Nouvelle Lune (partie 74)

 Réalisant que c'était ses parents qui se tenaient devant elle, Kelly prit un moment pour vivre ses émotions avant de prendre du recul pour lancer la discussion qu'elle voulait avoir avec ces personnes depuis longtemps...


Une certaine peur était dessinée sur le visage de ses parents. Ou peut-être aussi était-ce de l'appréhension. Après tout, ils ignoraient tout de ce dont elle voulait parler. L'air si sérieux et solennel avec lequel elle leur avait annoncé cela n'avait sans doute pas aidé. Mais, après quelques secondes figées dans l'incertitude, son père acquiesça avec un visage plus calme.
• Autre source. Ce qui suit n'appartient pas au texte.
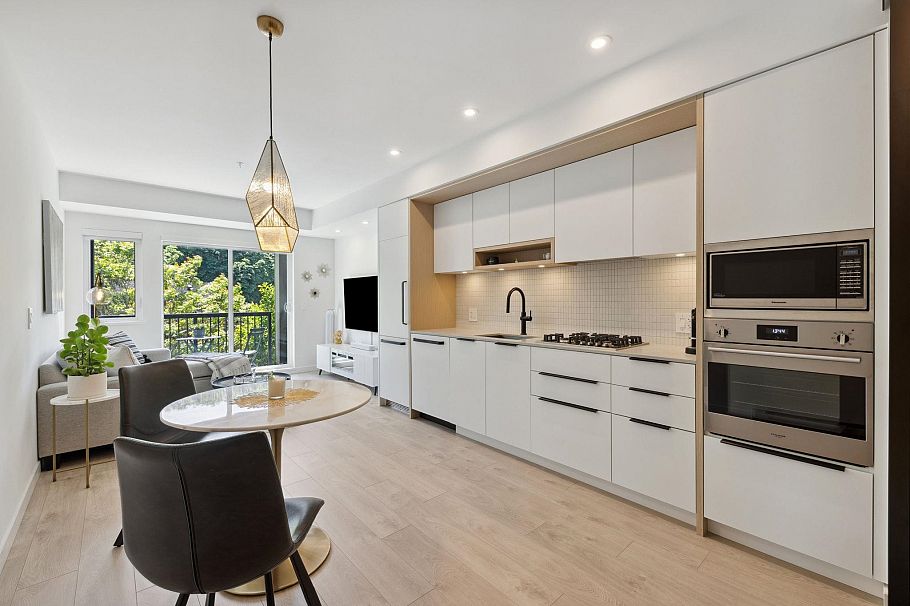 316 2520 Guelph Street Vancouver, BC - 8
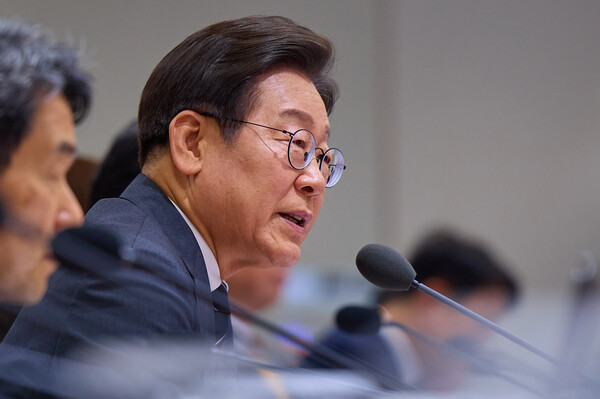 3년 반 만에 코스피 지수 3000 돌파하자 이 대통령이 보인 반응: 지금 당장 마을 대잔치 각이다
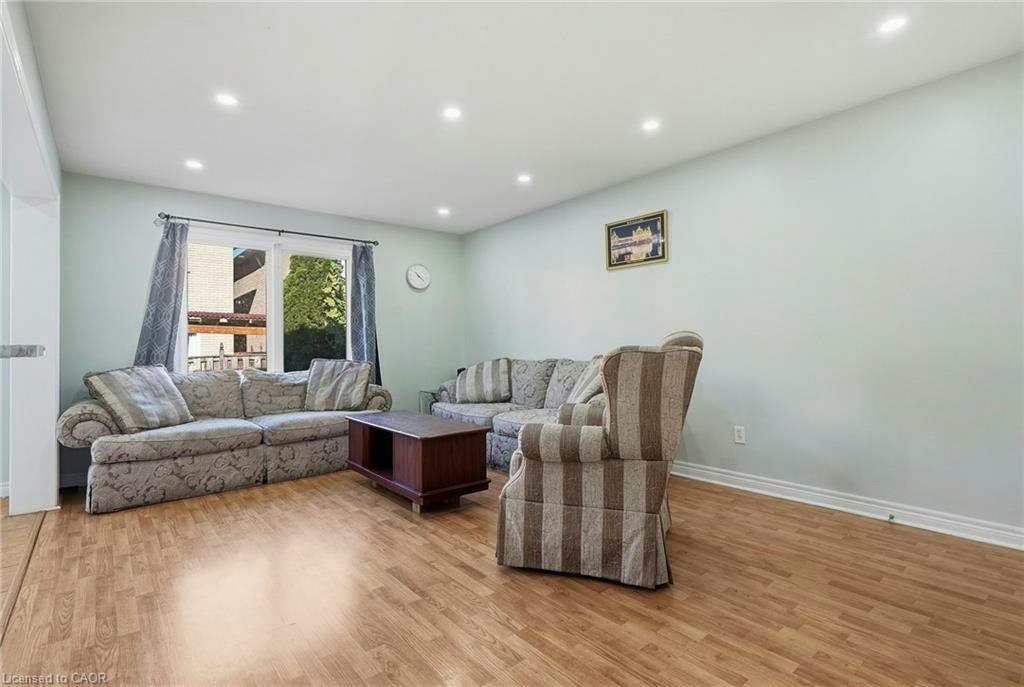 31 Peachwood Crescent, Hamilton, ON, L8E 5Z7 - 9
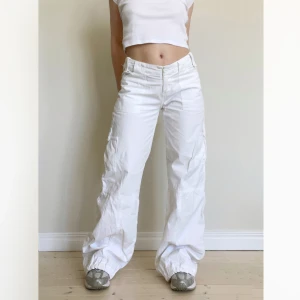 Cargobyxor  - Cargobyxor. Regleras med resår längst ned. Strl 34. Midjemått: 72 cm, Innerbenslängd: ca 82 cm när resåren är lös. Fint skick! Se även mina andra annonser, 3 för 2 på allt! 💫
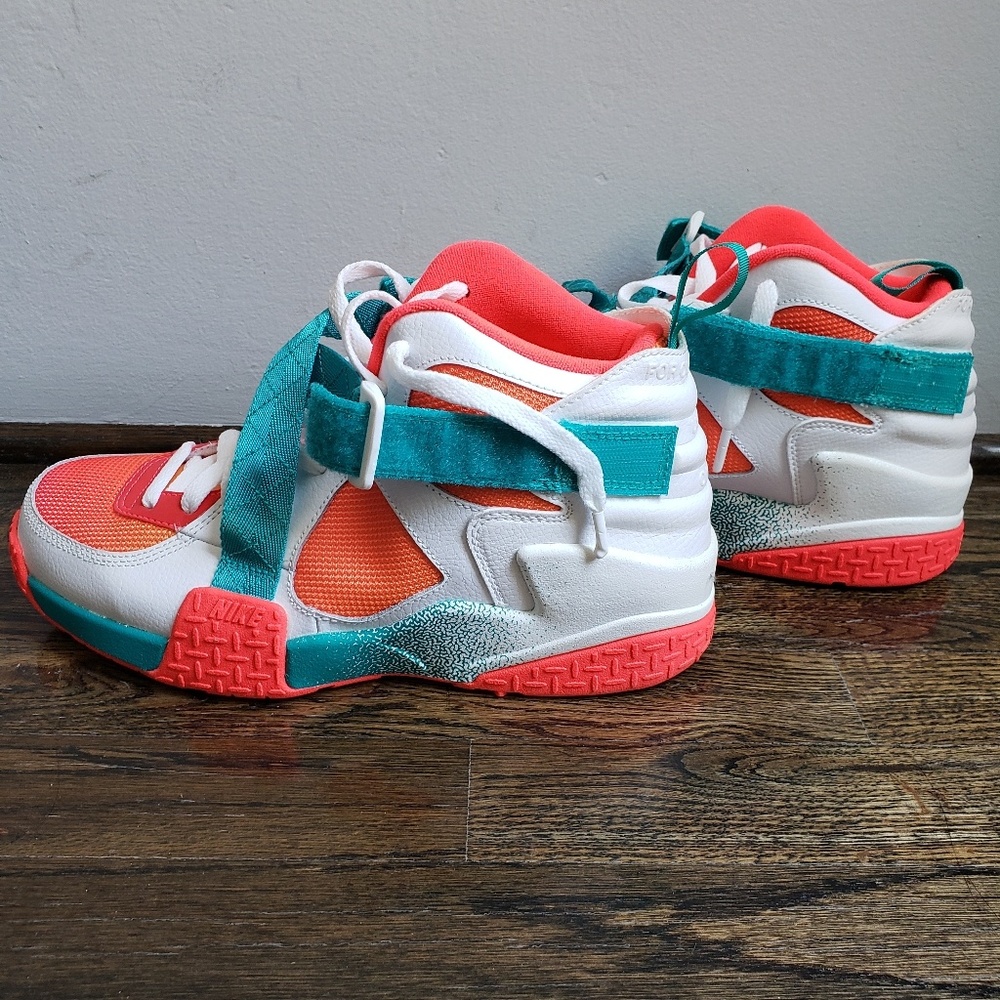 BRAND NEW! NIKE AIR RAID BR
Il avait compris qu'elle avait mille et une questions à leur poser, et il en était sans doute de même pour lui. 

Sa mère, pour sa part, était toujours troublée, comme si elle redoutait le penchant que pourrait prendre la discussion. Avait-elle quelque chose à cacher ?

Doucement, l'homme s'avança pour faire comprendre à sa femme, toujours agenouillée devant leur fille, qu'il était temps qu'elle s'écarte de cette dernière. Le message passa assez bien et, sans quitter Kelly des yeux, elle se leva.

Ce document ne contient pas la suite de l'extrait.